En estos momentos la farmacéutica ya se encuentra trabajando con la FDA (Food and Drug Administration) para llegar a acuerdos que permitan su aprobación. Específicamente, Roche busca lo que se conoce como “autorización de uso de emergencia” para que su prueba llegue al mercado lo más rápido posible.

Paralelamente, la empresa también ha anunciado que llevaría la prueba a los mercados de Europa que aceptaran la certificación de marca CE. El procesamiento de las pruebas, una vez estén disponibles, podrá realizarse con los propios sistemas de análisis que Roche ya tiene en el mercado y que, según la empresa, ya se encuentran disponibles en múltiples hospitales y centros de salud.

Poco tiempo, altas expectativas

Además de los planes de la empresa de llevar su prueba al público estadounidense y europeo en mayo, también tienen la mira puesta en el horizonte. Entre otra de sus metas, se sabe que la empresa tiene fijado el objetivo de llegar a generar decenas de millones de ejemplares de la prueba para mediados de este año. Luego, seguirán haciendo esfuerzos por aumentar incluso más su capacidad de producción.

¿Por qué la prisa por tener una prueba de anticuerpos?

Tal como lo hemos dicho anteriormente, las pruebas serológicas son capaces de detectar los anticuerpos del SARS-CoV-2 en el organismo. De este modo, en cuestión de horas se puede conocer si una persona es ya inmune al COVID-19 o si sigue en riesgo.

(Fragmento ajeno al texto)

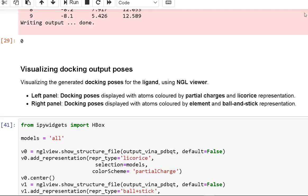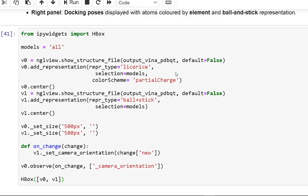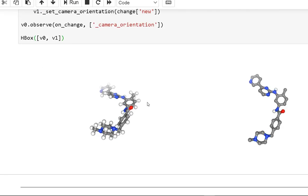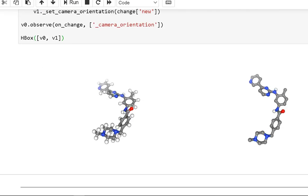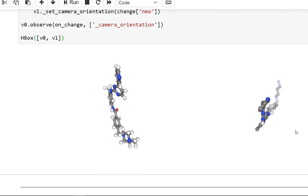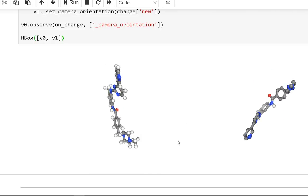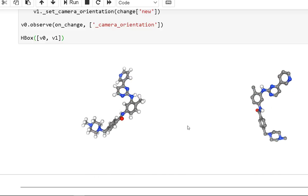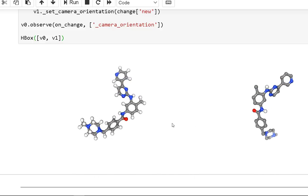Using the NGL viewer, we visualize the drug that will be docked to the target protein. The PDB-formatted file with all hydrogen atoms is shown on the left panel. The PDBQT-formatted file uses a united atom model where only polar hydrogens are placed in the structure to correctly type heavy atoms as hydrogen bond donors.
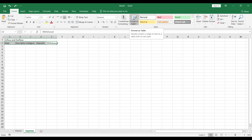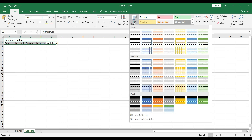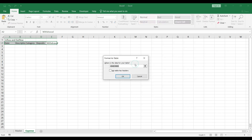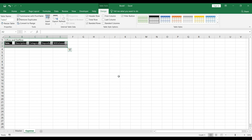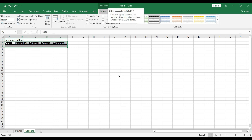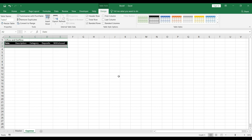Let's do some quick formatting. I'll select all five cells, go to Format as Table, select a style, confirm that my table has headers, and press OK. You can see the formatting applied. I'll press Ctrl+Shift+L to remove the filters. Now we're ready to enter data.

Ello puede ser particularmente útil también en los casos asintomáticos que podrían estar contagiando el virus sin saberlo o que pudieron haberlo hecho. Lo que, a su vez, revelaría cadenas de contagio que antes serían desconocidas.

Permite un mayor control de los grupos de alto riesgo

Otro punto importante que se relaciona con el control de los contagios tiene que ver con los grupos de alto riesgo. Un ejemplo de estos son los profesionales de la salud, que día a día se enfrentan al virus para intentar salvar tantas vidas como sea posible.

Los niveles altos de exposición podrían causar que algunos de estos desarrollen inmunidad, aunque esto no se ha comprobado. Asimismo, estos también podrían haber contraído la enfermedad y no presentar síntomas.

En cualquiera de los casos, el resultado sería que el personal podría haber desarrollado valiosos anticuerpos que los protejan de las acciones del COVID-19. Tener esta información podría ayudar a desarrollar mejores estrategias de atención a los pacientes y también a tener un mayor control sobre el contagio de la enfermedad.

Ayudaría a reactivar los sectores productivos de la sociedad

Las medidas de restricción de movimiento y prevención del COVID-19 en la mayoría de los países se han vuelto más estrictas. Sin embargo, hay algunas naciones que ya buscan medios para relajar un poco las regulaciones y tratar de volver a iniciar sus ciclos de producción.

Pero no es realmente posible hacer esto a menos que de desarrollen mejores métodos con los que regular el contagio de la enfermedad. Como podemos ver, las pruebas serológicas podrían ser parte de estos planes.

Ellas podrían darnos una idea más clara sobre el desarrollo de los procesos inmunes del cuerpo que se dan específicamente ante el COVID-19. Con estos datos, además de tener una base de conocimientos más sólida para intentar combatirlo, también se podrían generar estrategias, que incluyan a la población inmune, para tener un regreso progresivo a la normalidad.